SB 467 began as a bill to ban fracking and other forms of dangerous drilling – and that’s most of the drilling being done in California. Critics accused its authors of wanting to kill off the California oil industry entirely, and in response the authors embraced that label.
In its final form, SB 467 would have established a timetable, giving business plenty of time to plan for the end of oil. It was a breathtaking, audacious bill, but one wholly in line with science and with prior groundbreaking laws generated in the state.
California was once the nation’s climate leader, the national laboratory in which experiments like cap and trade (AB 32, 2006) and 100% clean energy by 2045 (SB 100, 2018) were tried.
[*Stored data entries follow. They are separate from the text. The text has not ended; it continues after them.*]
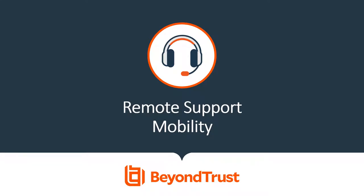My name is Joel Patrick, Director of Solutions Engineering at BeyondTrust. This short video will be going over some of the mobile features in remote support.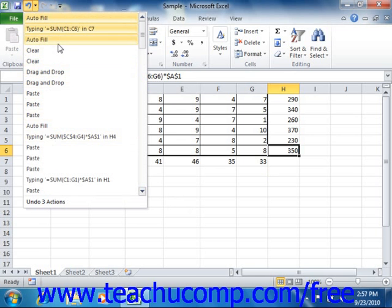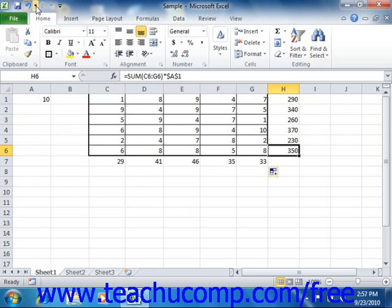Now if you hold your mouse pointer over the undo button, a little screen tip will appear to tell you which action you would be undoing by clicking it.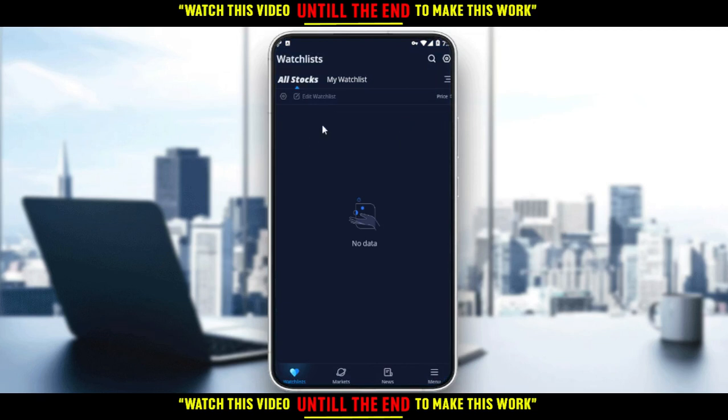That will be it for this tutorial. I hope you guys like it. Thank you guys for watching this video and goodbye.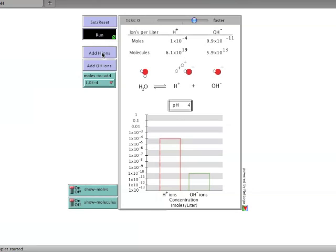The response to additions of different amounts of each ion can be explored by altering the type and number of moles of ions added.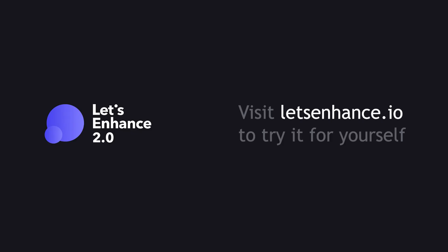And that's how you can upscale AI generated images using Let's Enhance. Follow us for more tutorials.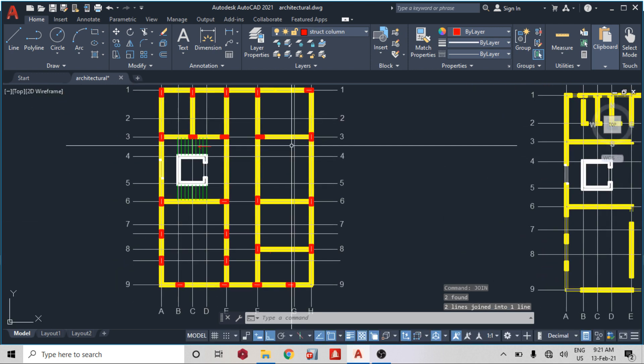We are definitely done with the ground floor. In the next video we are going to be talking about the first floor. Thank you for watching today's video — if you have any questions, please make sure you drop them in the comment section.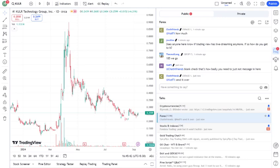Analysts have mixed opinions on KULR right now. Some see it as a promising growth stock with potential for long-term gains, while others are cautious due to current market conditions and the company's financial performance. It's essential to consider these perspectives and how they align with your investment strategy.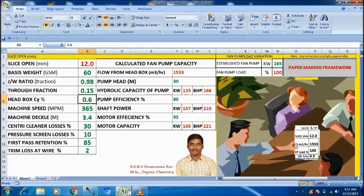Hi friends. This is BKNV Vispes for Raw. In this tutorial, let us see how the GSM and slice open relation works. A machine that is making 60 GSM with 0.98 FLEX ratio has a calculated slice open of 12 mm. The green letters are all variables and red letters are calculated values.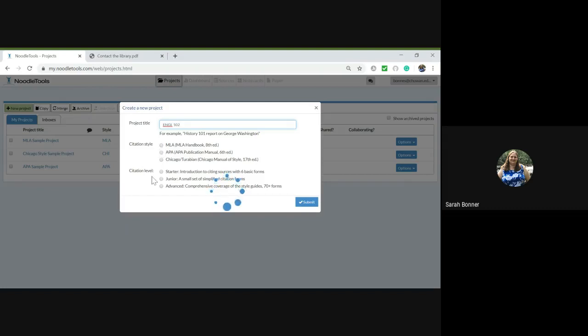You can also choose your citation level: starter, junior, or advanced. For a college level class, I would recommend using either junior or advanced.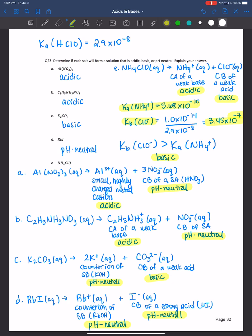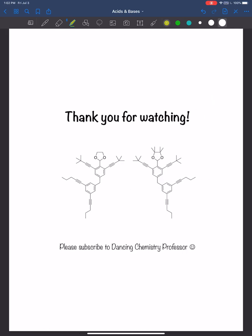Make sure you review these examples so that you can derive the explanations by analyzing the cation, analyzing the anion, and then looking at the solution overall. This wraps up our conversation on acid-base properties of salt solutions. Thank you all for watching, and I will see you next time.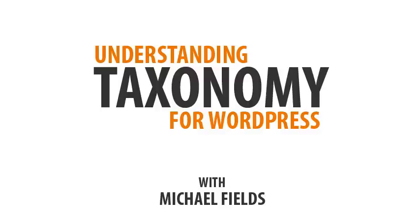Hi, this is Michael Fields and today I'd like to talk to you a little bit about the concept of taxonomy and how it's used in WordPress.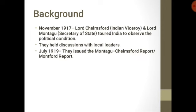The first heading is Background. In November 1917, Lord Chelmsford, who was the Indian Viceroy, and Lord Montague, who was the Secretary of State to India, visited India to observe the political situation and conditions. They met with leaders from different political parties and held discussions with them. In July 1919, they issued the Montague Chelmsford Report, which was also called the Montfort Report.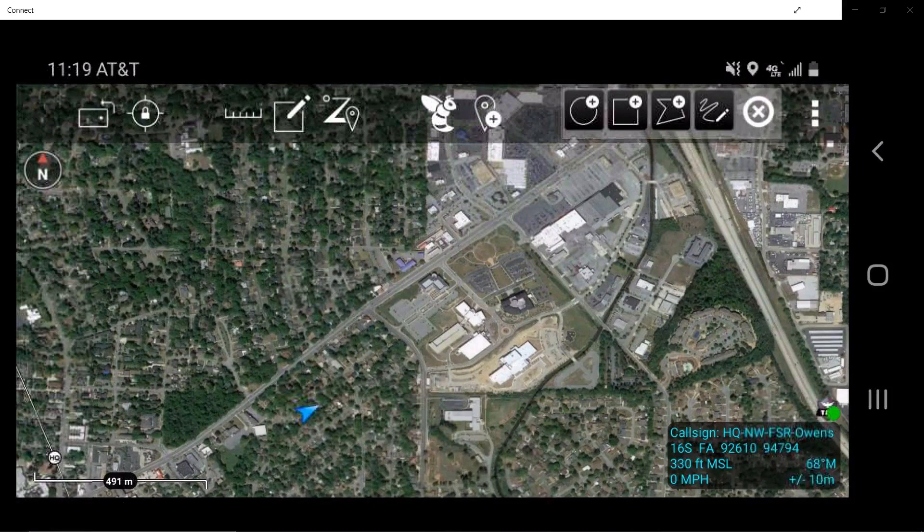These additional tools are Circle, Rectangle, Freeform Polygon, and Telestrate.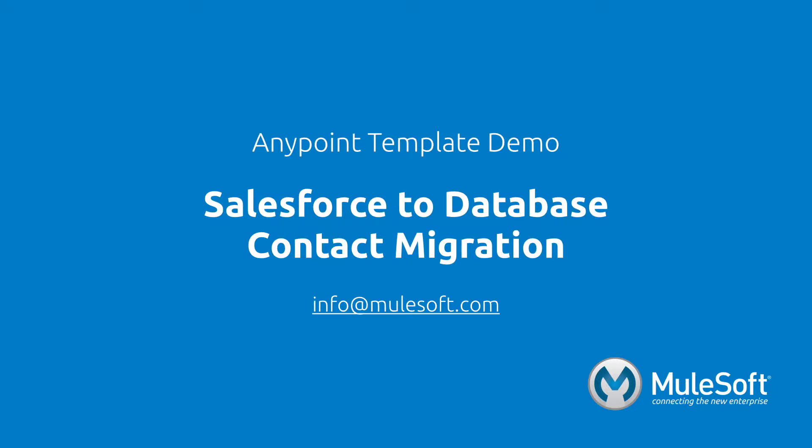To find out more about the template follow the view documentation link on the template's detail page. Give the template a try and if you have any questions or feedback please send it to info@mulesoft.com. Thank you.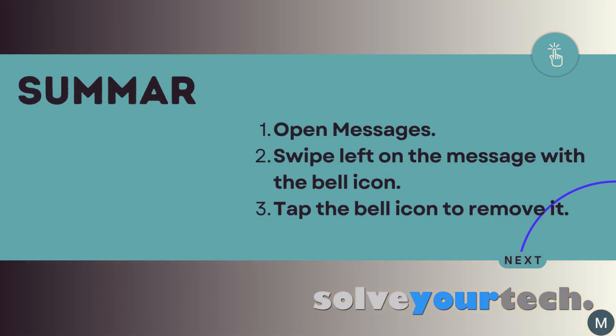To summarize, if you want to start seeing notifications for a text message conversation and you wish to remove the crossed-out bell icon, then you can open the Messages app, swipe to the left on the message with the bell icon, then tap the bell icon to remove it.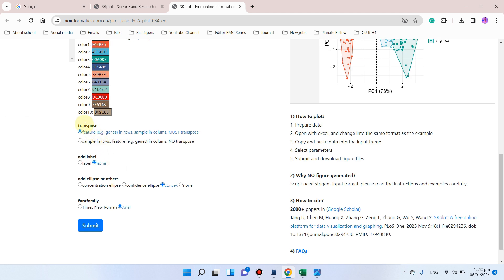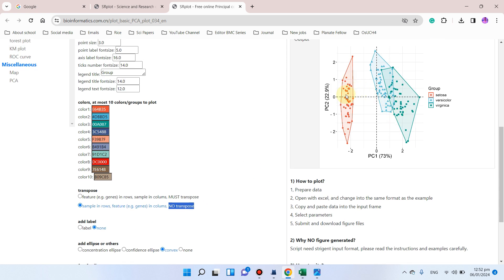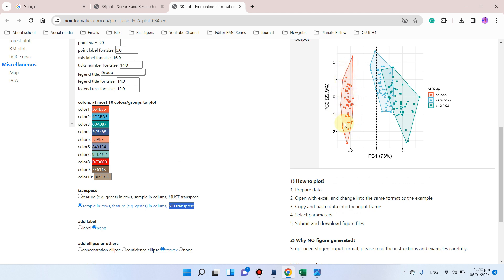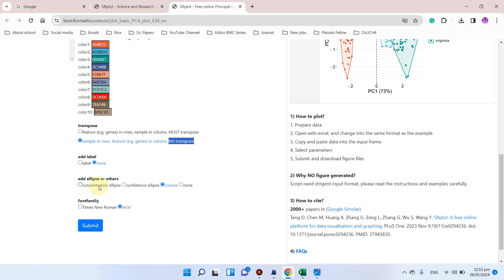Here is an important option: you need to select which form your data is in. Since we pasted our data with samples in rows and features in columns, we select the 'columns' option without using transpose. You can also choose whether to add labels to each point, and whether to add an ellipse — either a confidence ellipse, convex, or none. I recommend selecting none for now.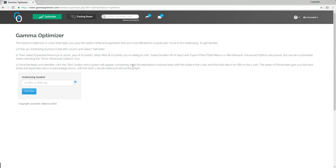The tool will help you pick the best strike and expiration for an option. It's really good when you want to play a directional move — if you think something is going to go up or down and you want to play it but don't know the best way. For this short tutorial, I am going to use SPX.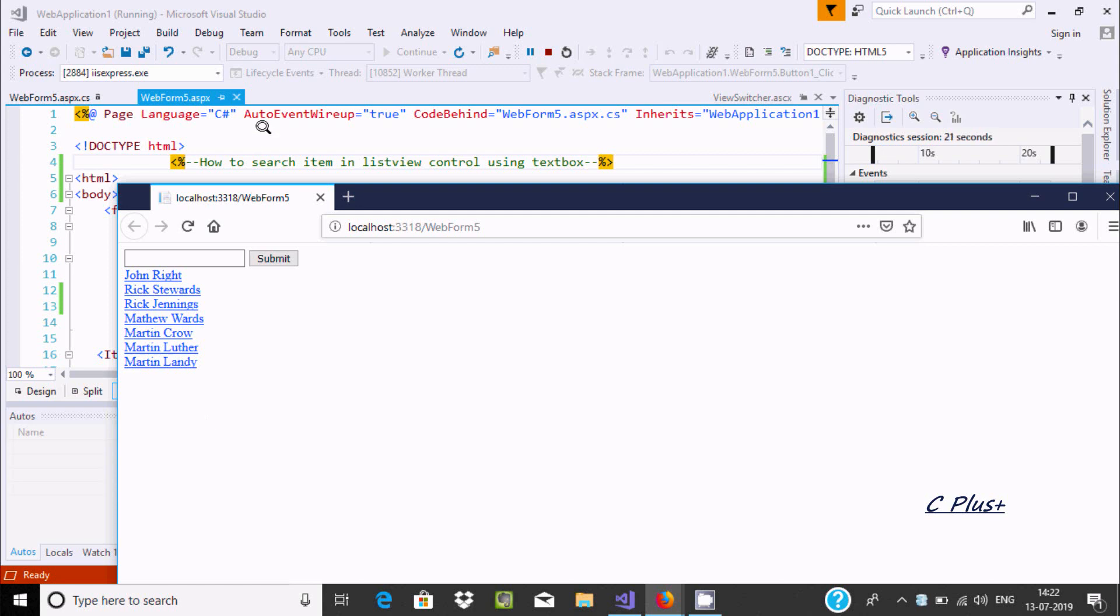Hi guys, in this video I am going to discuss how to search items in a ListView control using a textbox. Here is the textbox, here is the button, and here is the list of items.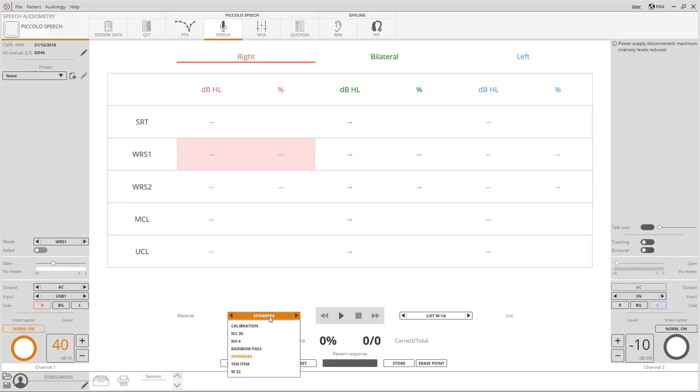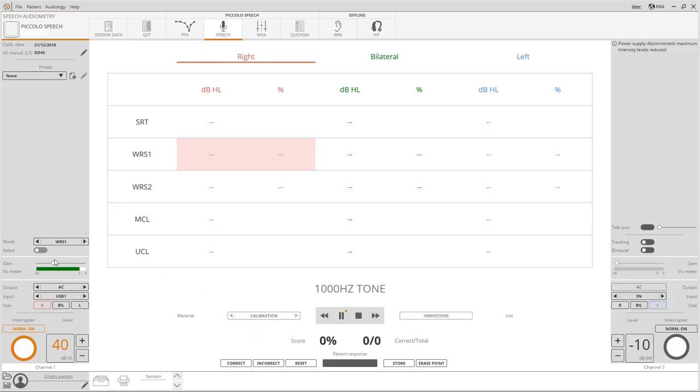Before continuing with the settings we now need to check the speech inputs initial gain to be sure of the intensity's effectiveness. To set the initial offset move the gain cursor.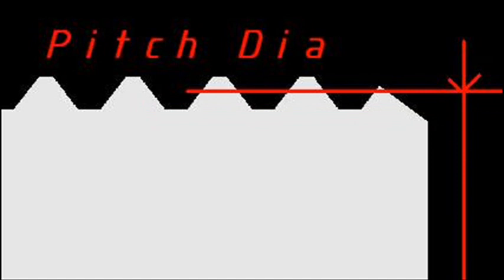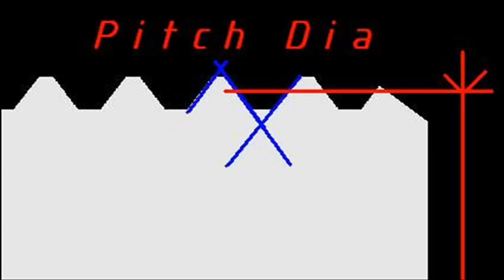The pitch diameter is important because it controls how the screw thread is going to function. For this reason, it's often an important part of thread manufacturing is inspecting the pitch diameter. The pitch diameter is the distance between the theoretically sharp crest and the theoretically sharp root of a screw thread.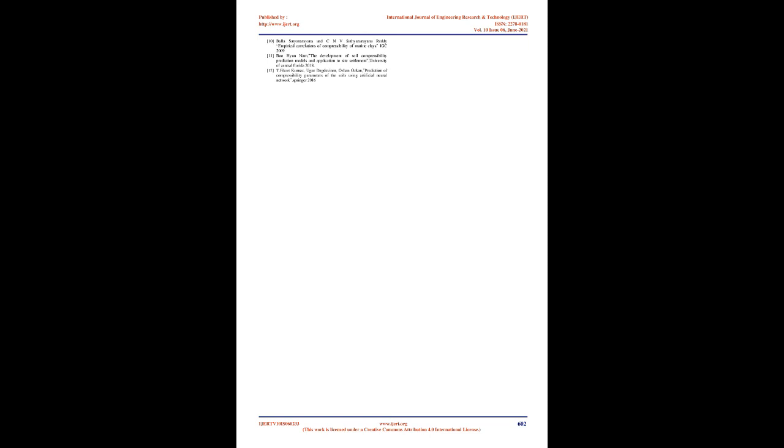10. Bala Satyanarayana and CNV Satyanarayana Ready, Empirical Correlations of Compressibility of Marine Clays, IGC 2009. 11. Buhayun Nam, the Development of Soil Compressibility Prediction Models and Application to Site Settlement, University of Central Florida 2018. 12. T. Fekri Tkernas, Bugher Dagduburin, Ozan Ozkin, Prediction of Compressibility Parameters of the Soils Using Artificial Neural Network, Springer 2016.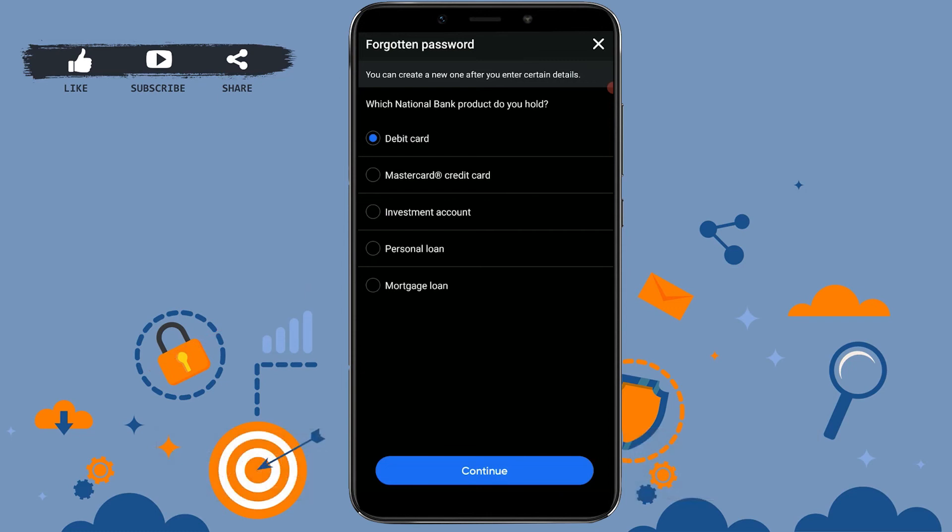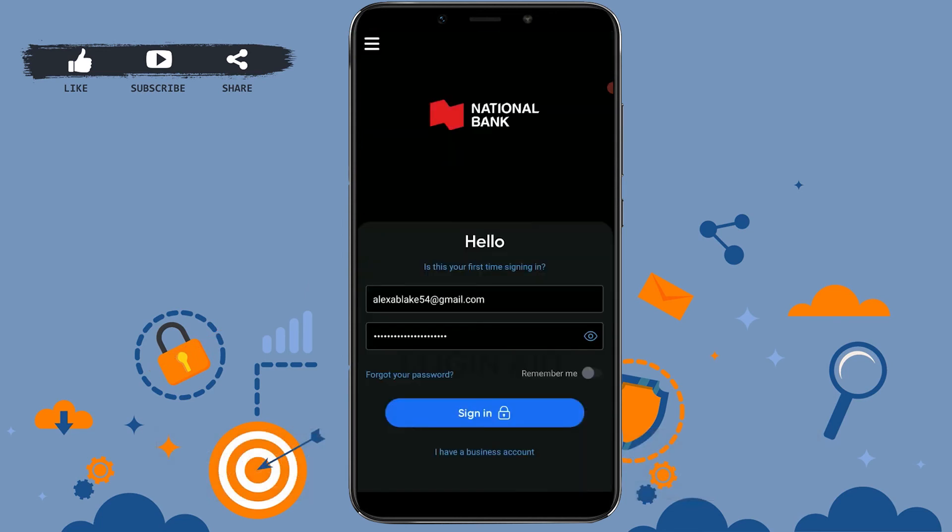This will get you to recover your account password. So this is how you can login into the online banking account of National Bank of Canada. Hope this video was useful — please like and subscribe to the Login Aid channel. Thank you.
But since 2018, big climate bills have foundered. Assembly Bill 3030, to conserve 30% of California’s wild places by 2030? Failed to pass. Senate Bill 54, to end single-use plastics? Failed to pass in 2020 (it’s returned this year). A dozen 2020 housing bills aiming to densify cities? Failed to pass. Bills to ban gasoline powered cars by 2040? Couldn’t even get hearings. Assembly Bill 525, to promote offshore wind? Pulled for lack of committee votes. SB 467, the boldest and most ambitious bill of all? Died in its first committee hearing.
The most obvious culprit: an alliance between California’s powerful building trades unions and its oil industry, California Common Ground. A few years ago, the building trades were interested in climate policy and the accompanying jobs, but since formalizing their alliance with the oil industry in 2019, they’ve taken on the lead role in killing climate bills like SB 467.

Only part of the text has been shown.